Another point about soldering is - how do you hold the connector during the soldering stage? As GBR2 said they should not be mated. However, you also should not grip the connector blade on the spring plate surface.

What I do is use a pair of needle nose pliers with a strong rubber band across the handles to provide tension, and grip the plastic body. I use a second pair to hold the wire in position. Now I have both hands free to solder, and no worries about holding the joint still while the solder cools, which may take several seconds.

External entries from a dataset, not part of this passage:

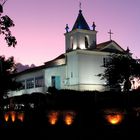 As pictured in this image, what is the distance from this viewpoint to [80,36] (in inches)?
2709

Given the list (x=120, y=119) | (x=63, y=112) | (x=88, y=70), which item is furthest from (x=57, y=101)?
(x=88, y=70)

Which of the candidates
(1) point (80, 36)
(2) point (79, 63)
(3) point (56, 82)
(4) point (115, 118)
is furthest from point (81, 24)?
(4) point (115, 118)

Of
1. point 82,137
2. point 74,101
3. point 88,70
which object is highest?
point 88,70

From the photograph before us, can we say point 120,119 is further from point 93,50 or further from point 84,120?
point 93,50

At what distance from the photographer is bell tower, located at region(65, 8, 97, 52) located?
68438 mm

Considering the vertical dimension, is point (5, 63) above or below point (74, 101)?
above

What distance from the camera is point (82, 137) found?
2500 centimetres

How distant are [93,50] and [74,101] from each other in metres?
34.1

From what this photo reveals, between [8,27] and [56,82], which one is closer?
[8,27]

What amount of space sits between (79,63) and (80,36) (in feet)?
20.4

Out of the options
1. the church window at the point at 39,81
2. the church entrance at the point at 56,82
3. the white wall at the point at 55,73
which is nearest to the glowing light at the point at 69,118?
the white wall at the point at 55,73

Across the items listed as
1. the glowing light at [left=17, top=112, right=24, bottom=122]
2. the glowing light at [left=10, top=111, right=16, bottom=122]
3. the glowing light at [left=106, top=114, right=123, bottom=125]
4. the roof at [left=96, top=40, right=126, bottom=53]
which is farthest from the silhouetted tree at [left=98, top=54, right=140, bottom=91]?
the glowing light at [left=106, top=114, right=123, bottom=125]

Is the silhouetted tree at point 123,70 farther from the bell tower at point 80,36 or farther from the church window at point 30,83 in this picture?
the church window at point 30,83

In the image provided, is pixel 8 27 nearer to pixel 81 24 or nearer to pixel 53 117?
pixel 53 117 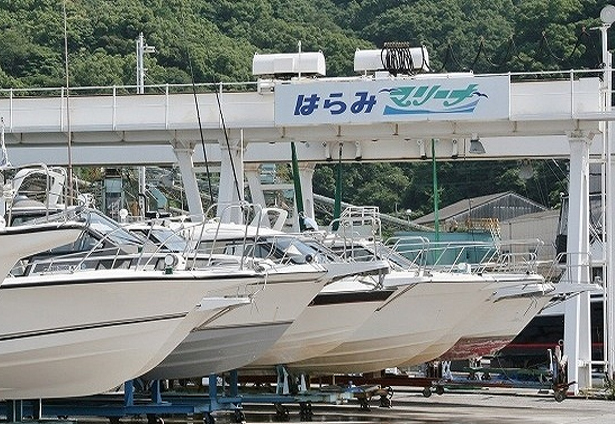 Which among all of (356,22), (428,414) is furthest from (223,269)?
(356,22)

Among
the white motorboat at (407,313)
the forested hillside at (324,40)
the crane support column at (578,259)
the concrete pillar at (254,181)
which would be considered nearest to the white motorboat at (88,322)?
the white motorboat at (407,313)

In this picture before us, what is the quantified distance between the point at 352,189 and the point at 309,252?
53241 mm

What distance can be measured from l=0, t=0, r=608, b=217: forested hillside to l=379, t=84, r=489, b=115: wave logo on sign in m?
20.8

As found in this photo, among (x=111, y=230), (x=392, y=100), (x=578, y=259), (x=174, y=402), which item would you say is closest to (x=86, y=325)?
(x=111, y=230)

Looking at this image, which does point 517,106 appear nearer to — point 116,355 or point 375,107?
point 375,107

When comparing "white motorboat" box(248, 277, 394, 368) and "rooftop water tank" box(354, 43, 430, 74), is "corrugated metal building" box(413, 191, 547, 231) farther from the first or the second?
"white motorboat" box(248, 277, 394, 368)

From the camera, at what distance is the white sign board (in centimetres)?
2972

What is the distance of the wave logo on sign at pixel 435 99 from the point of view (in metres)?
29.7

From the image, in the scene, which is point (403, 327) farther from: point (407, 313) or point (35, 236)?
point (35, 236)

You should not use extra flux - if you are using Rosin core ('radio')solder that is enough. Start with clean wire, clean connectors, and a clean tip. Lightly tin the connector and heavily tin the wire, heat the joint well and apply enough solder to flow into the joint and provide a smooth joint. Let cool for at least 10 seconds.

As to plugging them together, most speed controls require you to connect in one single motion to properly initialize. If you make-break-make the connection it will cause improper ESC operation, same as when connecting your battery charger to the car battery. I have found with the Deans it is best to quickly make contact with medium pressure and then shove the connection together the rest of the way. When the connector is difficult to reach, I slightly tilt the connectors so the horizontal blade contacts first and rotate the vertical blade into position.

Hope this helps.

Nov 30, 2001, 02:38 PM
Registered User
Andy W's Avatar
The wires should be under NO stress when you disconnect them! You should be pulling the connector apart, NOT the wires!
The connectors are reliable and durable, and have the next lowest resistance to 4mm gold pin plugs. I use Deans exclusively, even on 100A F5B models.
Nov 30, 2001, 05:04 PM
Registered User

gold and gold and gold

When I asked my LHS 5 years ago what connector he used for s400 etc he used and advised 4mm gold and boy I am glad I did that!!!!